I often use this when I want to aggregate some time-based data into per-month buckets, to produce a high-level summary. For example, let’s suppose I had a list of how many steps I’d walked each day. I might combine that data to get the total number of steps walked each month.

The function is a generator. Here’s a quick summary of how it works:

  1. Find the month/year of the start date
  2. Get the 1st of that month – yield this date to the user (as a lazy generator)
  3. Advance the month by one, wrapping around to the next year as appropriate
  4. Get the 1st of that month – yield this date
  5. Repeat steps 3 and 4 until the date is after the end date

Once I have these values, typically I’ll then pull out the month/year value as numbers, or call strftime() to turn it into a pretty string.

If you look, you’ll see I’m incrementing the month/year on the datetime objects by hand. The Python standard library does have a datetime.timedelta object for incrementing or decrementing a datetime object, rather than manipulating month/year directly, but at the month and year level there’s a lot of weirdness to deal with.

For example, if you’re at March 30th, and you go back by one month – what should you get? Or if you’re at February 29th in a leap year, and you want to go forward by two years – what should the code do? The correct behaviour is going to depend on our context, so the standard library defers these decisions to us.

If this function sounds useful, you can copy/paste the code below into your project:

import datetime


def months_between(start_date, end_date):
    """
    Given two instances of ``datetime.date``, generate a list of dates on
    the 1st of every month between the two dates (inclusive).
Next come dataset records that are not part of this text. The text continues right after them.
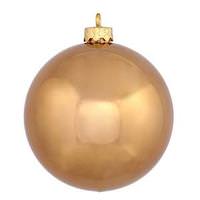 Vickerman 6" Mocha Shiny Ball Ornament (4 pack)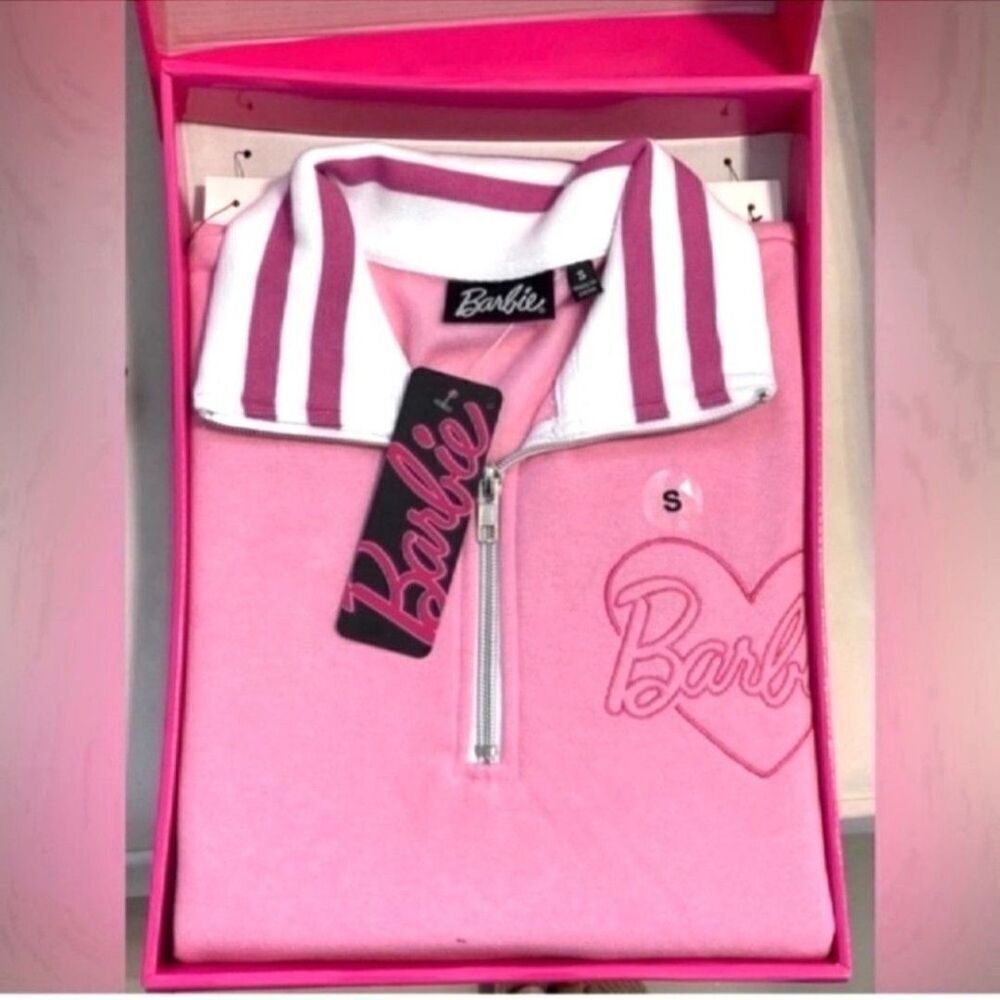 New PINk BARBIE sweater white gift box Size available M/L - Picture 2 of 12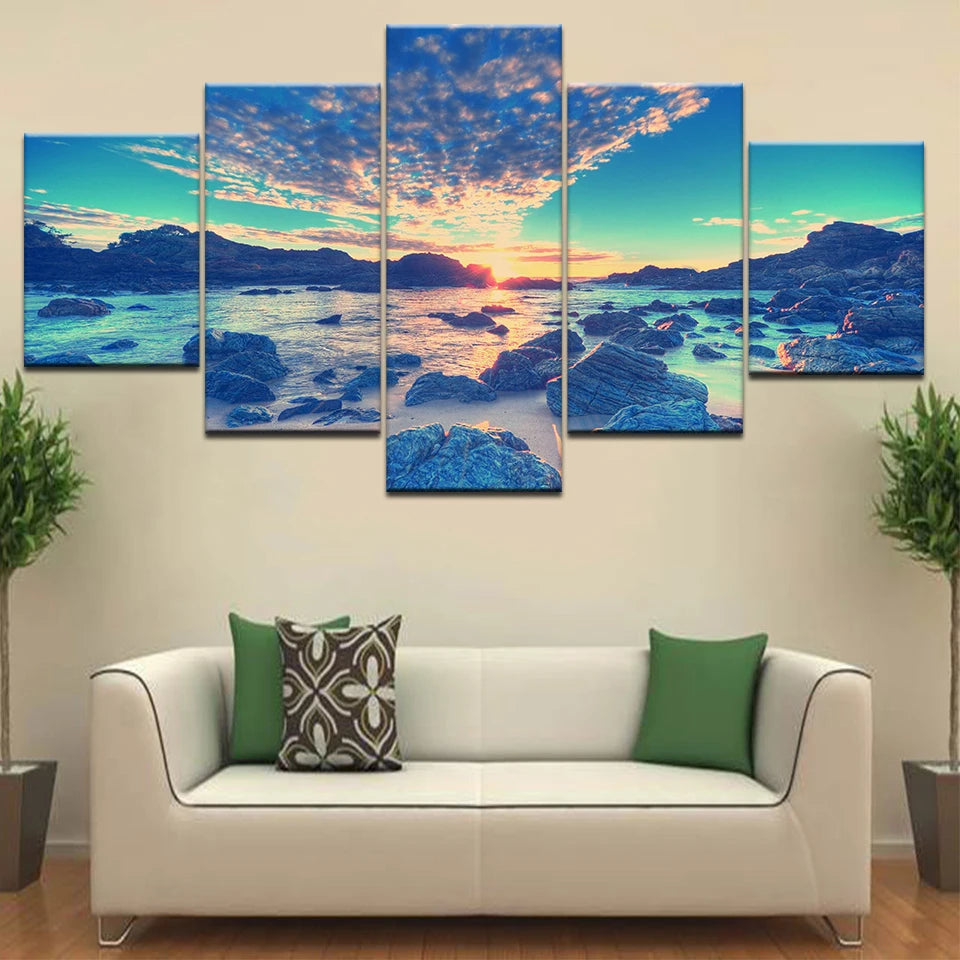 5pcs Cleopatra Ocean Canvas Painting Wall Art Orange Sky Ocean Beach Multi Turkey Sand Beach Sunrise Wall Decor No Frame Peaceful Pleasures Health and Wellness 5pcs 13 20x35-20x45-20x55cm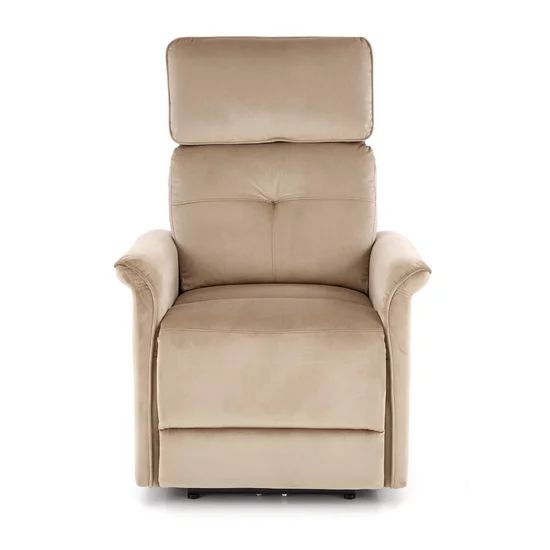 Fotoliu Semir cu funcție recliner electrică, tapițerie catifea premium, cadru rezistent, 80x90x108 cm, bej picture - 3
    e.g. "5 Jan 2020" to "17 May 2020" would generate:

        1 Jan 2020, 1 Feb 2020, 1 Mar 2020, 1 Apr 2020, 1 May 2020

    """
    if start_date > end_date:
        raise ValueError(f"Start date {start_date} is not before end date {end_date}")

    year = start_date.year
    month = start_date.month

    while (year, month) <= (end_date.year, end_date.month):
        yield datetime.date(year, month, 1)
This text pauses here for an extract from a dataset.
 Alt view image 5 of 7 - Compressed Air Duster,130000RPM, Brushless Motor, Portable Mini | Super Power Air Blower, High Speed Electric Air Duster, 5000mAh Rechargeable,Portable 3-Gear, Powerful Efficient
        # Move to the next month.  If we're at the end of the year, wrap around
        # to the start of the next.
        #
        # Example: Nov 2017
        #       -> Dec 2017 (month += 1)
        #       -> Jan 2018 (end of year, month = 1, year += 1)
        #
        if month == 12:
            month = 1
            year += 1
        else:
            month += 1


if __name__ == "__main__":
    start_of_2020 = datetime.date(2020, 1, 1)
    today = datetime.date.today()

    for month in months_between(start_of_2020, today):
        print(month.strftime("%B %Y"))
        # January 2020, February 2020, March 2020, …